Sea como fuere, Siempre Alice, basada en la novela de mismo título escrita por Lisa Genova (editada en Ediciones B, 2009), es un consistente drama que navega por estos mismos derroteros pero que sin embargo posee ciertos valores que la sitúan por encima de los productos habituales del género. De hecho uno de los aciertos del cuarto título escrito y dirigido por el tándem formado por Richard Glatzer y Wash Westmoreland, los artífices de La última aventura de Robin Hood (The last of Robin Hood, 2013), es precisamente la contención con el que han tratado el guión. Un guión en el que además se apuntan una serie de buenas ideas pero que después han quedado esbozadas y con esa sensación de que se les podía haber sacado mucho más jugo.
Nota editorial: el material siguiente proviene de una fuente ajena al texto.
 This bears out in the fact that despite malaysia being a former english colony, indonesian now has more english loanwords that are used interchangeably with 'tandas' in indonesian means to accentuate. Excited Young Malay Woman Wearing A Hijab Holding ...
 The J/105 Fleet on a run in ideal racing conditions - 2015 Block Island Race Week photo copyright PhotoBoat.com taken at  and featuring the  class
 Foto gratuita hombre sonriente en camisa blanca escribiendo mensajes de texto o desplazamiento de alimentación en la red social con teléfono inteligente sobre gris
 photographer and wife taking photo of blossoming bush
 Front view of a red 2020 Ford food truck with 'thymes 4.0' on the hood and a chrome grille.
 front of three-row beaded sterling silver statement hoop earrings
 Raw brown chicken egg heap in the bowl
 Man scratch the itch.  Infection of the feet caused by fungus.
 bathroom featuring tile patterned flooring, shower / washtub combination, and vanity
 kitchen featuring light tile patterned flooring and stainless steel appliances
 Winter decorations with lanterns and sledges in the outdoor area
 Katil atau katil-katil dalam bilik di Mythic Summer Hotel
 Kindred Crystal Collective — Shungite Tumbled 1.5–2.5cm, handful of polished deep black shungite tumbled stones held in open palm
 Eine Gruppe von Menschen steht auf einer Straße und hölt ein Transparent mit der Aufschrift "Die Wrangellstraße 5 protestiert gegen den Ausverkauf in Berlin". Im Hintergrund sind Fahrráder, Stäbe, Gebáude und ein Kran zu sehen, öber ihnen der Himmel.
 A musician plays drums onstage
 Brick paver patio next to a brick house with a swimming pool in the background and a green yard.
Una película que, desde el punto de vista narrativo, tampoco presenta demasiadas novedades pero que sin embargo transita de manera fluida, poco a poco, sin sobresaltos, aunque haya momentos en los que la habilidad de Glazer y Westmoreland logra contener ciertos efluvios de empalago y sensiblería que asoman a la superficie. Aunque también es cierto que parte de ese mérito reside en la esmerada interpretación del elenco de actores, en especial la llevada a cabo por una magistral Julianne Moore.

En el terreno de los aciertos de guión, es interesante el planteamiento inicial del personaje que da título a la película encarnado por Moore, pues Alice es una brillante profesora universitaria de cincuenta años de edad, felizmente casada con otro docente a quien interpreta Alec Baldwin y madre de tres hijos ya veinteañeros. Una especialista en lingüística quien, al principio del film, cuando imparte una conferencia sobre la adquisición y el desarrollo del lenguaje en las primeras fases de la vida del ser humano, precisamente el centro de sus investigaciones desde hace décadas, tiene por primera vez un pequeño lapsus de memoria quedándose bloqueada por unos instantes. Lapsus que luego se irán repitiendo con mayor frecuencia hasta que, tras hacerse unas pruebas médicas, le diagnostican que padece los primeros síntomas de la enfermedad del Alzheimer. Y es ahí donde reside la paradoja del asunto, que alguien que estudia los mecanismos del aprendizaje de la comunicación verbal, la aparición de la enfermedad la impulse al proceso contrario, es decir, hacia la regresión, al hecho de olvidar las palabras, las cosas, a desubicarse en su propio entorno, llevándola a una paulatina desconexión del mundo que la rodea. De ahí que son proverbiales los versos que cita de la poetisa norteamericana Elizabeth Bishop en una charla que imparte en público dando testimonio de su convivencia con la enfermedad:

«No es difícil dominar el arte de perder;
tantas cosas contienen el germen de la pérdida
que su pérdida no es un desastre».

Versos que en cierta manera vienen a ser una de las claves con las que Alice afronta su tragedia. Como también hay otros buenos momentos como aquella escena, cuando ella le dice a su marido que toda una vida de esfuerzo y entrega al estudio, todo lo que ha aprendido, todo lo que ha investigado, lo irá olvidando hasta disiparse en la nada. O esas secuencias, cuando usa las nuevas tecnologías, como el teléfono móvil, para apuntar los nombres de sus hijos, las fechas de los cumpleaños o las citas. Incluso esa otra idea, quizá una de las más impactantes del film, cuando los síntomas de la enfermedad se manifiestan con una frecuencia cada vez mayor y consciente  de que llegará un día en el que habrá perdido totalmente la memoria, Alice decide grabarse así misma en su portátil dándose a sí misma una serie de instrucciones de los pasos que tiene que seguir para consumar su suicidio.

Porque al fin y al cabo, un ser humano sin memoria es como si nunca hubiera existido.